§ **Input data**
BEGIN
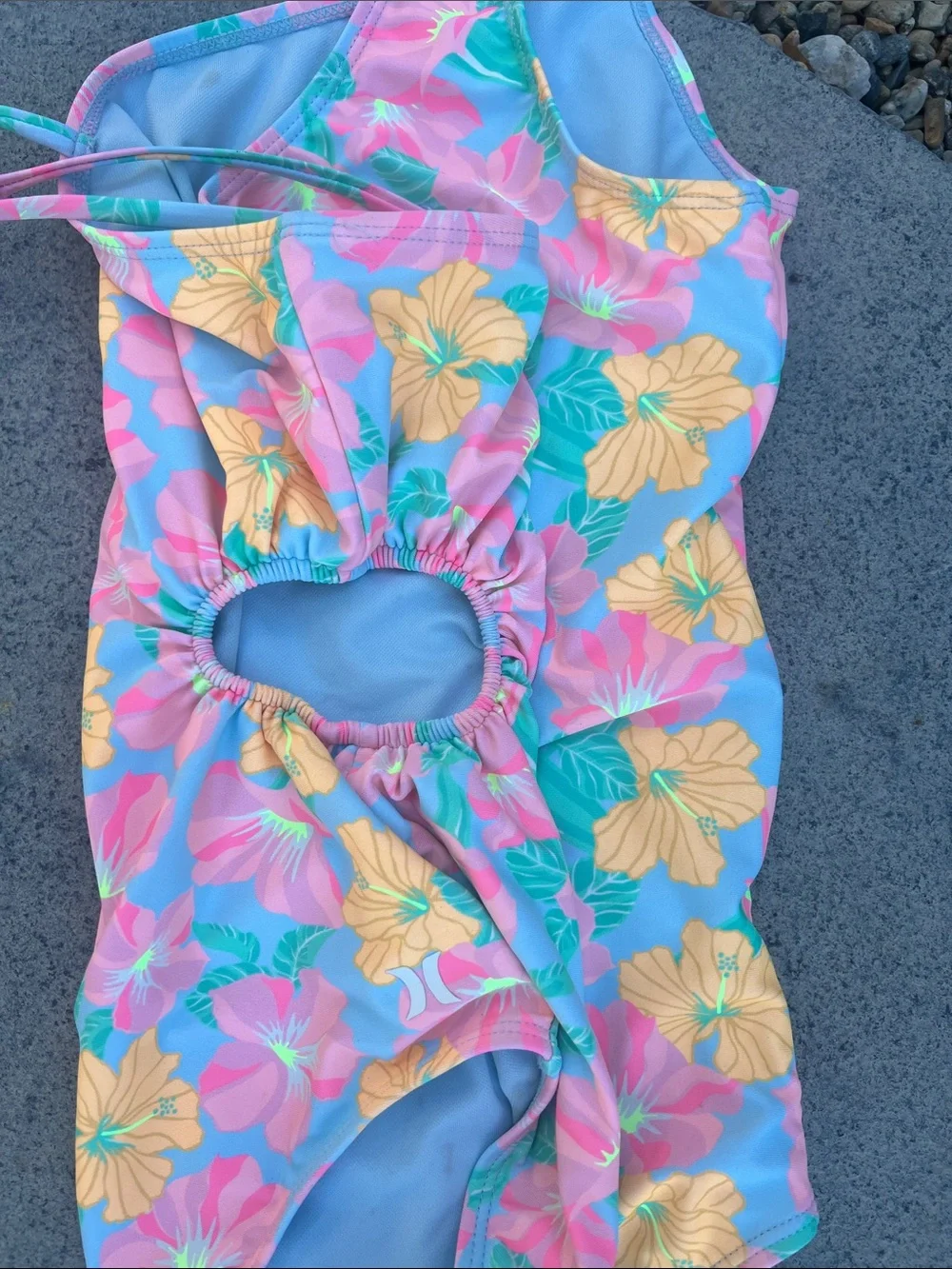 Hurley Kids One-Shoulder Floral One-Piece Swimsuit - Teal/Pink/Yellow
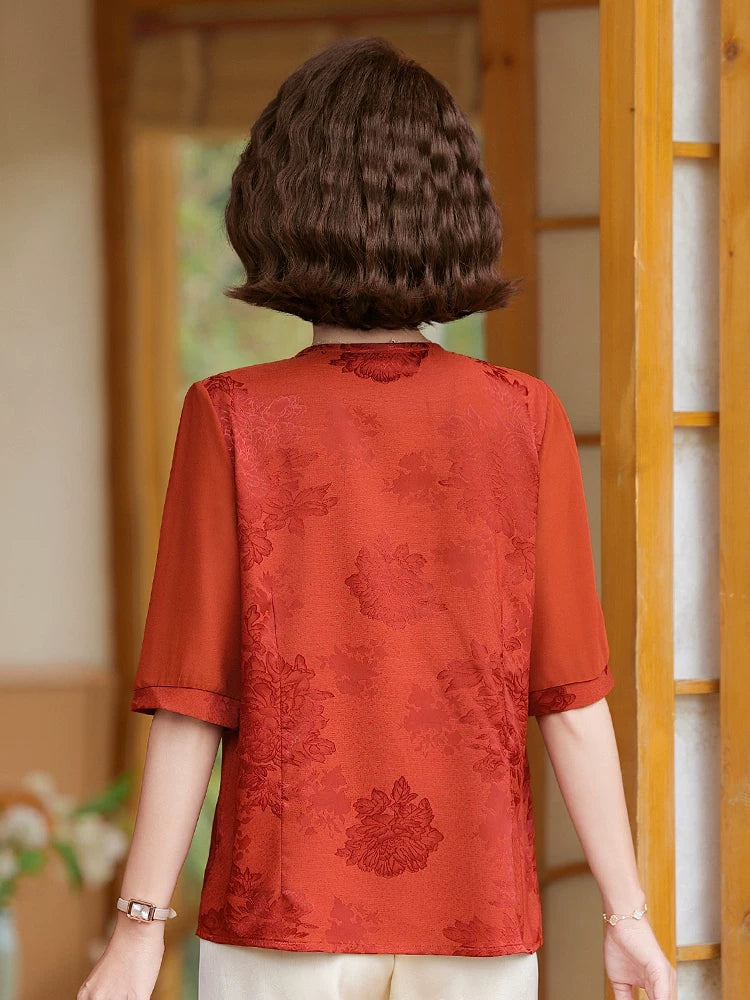 Silk Short-Sleeve Blouse Set in Classic Colors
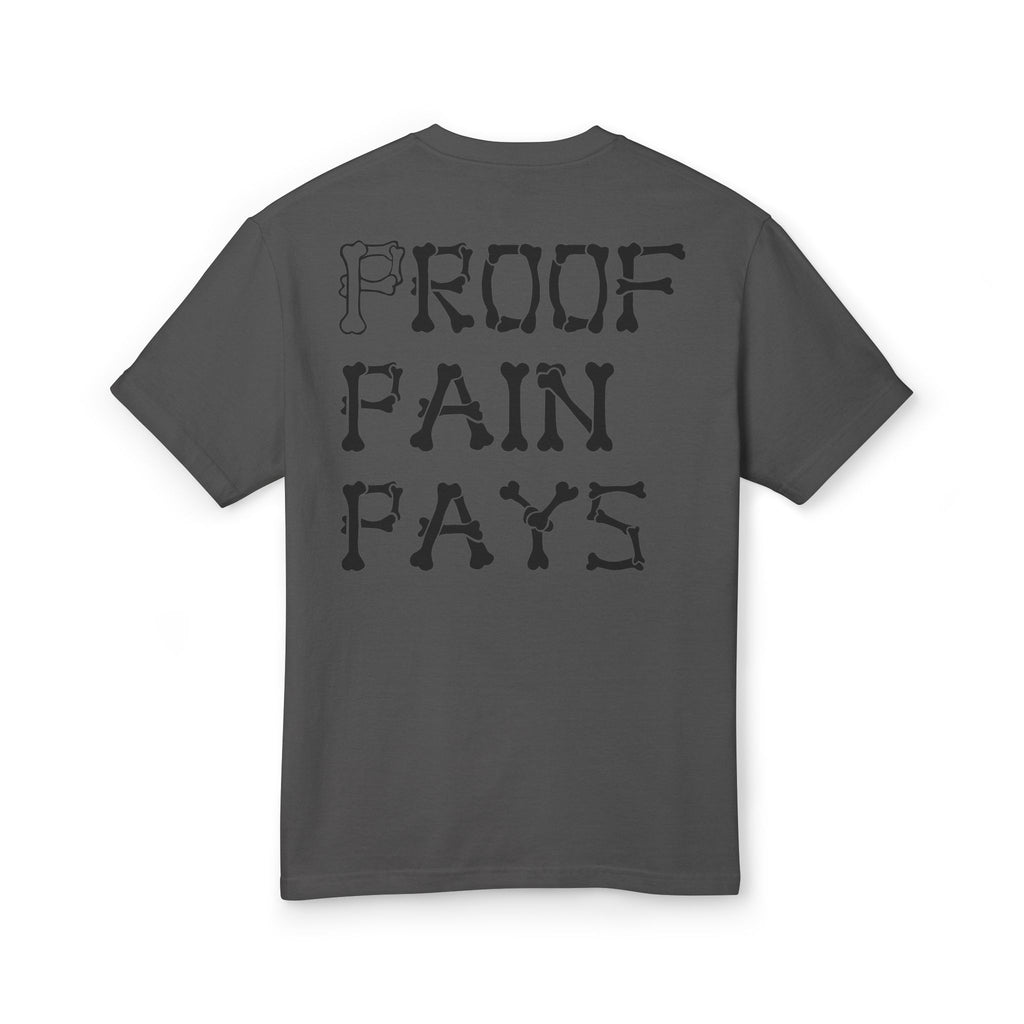 Proof Pain Pays Graphic Tee — Distressed Gothic Lettering Cotton T‑Shirt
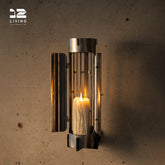 12living Wall Lamp Candle Holder – Gothic Industrial Metal Sconce for Pillar or LED Candles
END
§ **Required action**
Restate the data exactly, though only from the line that contains "Silk Short-Sleeve Blouse" through its last line, both ends included and with the pictures left out.

§ **Solution**
 Silk Short-Sleeve Blouse Set in Classic Colors
 Proof Pain Pays Graphic Tee — Distressed Gothic Lettering Cotton T‑Shirt
 12living Wall Lamp Candle Holder – Gothic Industrial Metal Sconce for Pillar or LED Candles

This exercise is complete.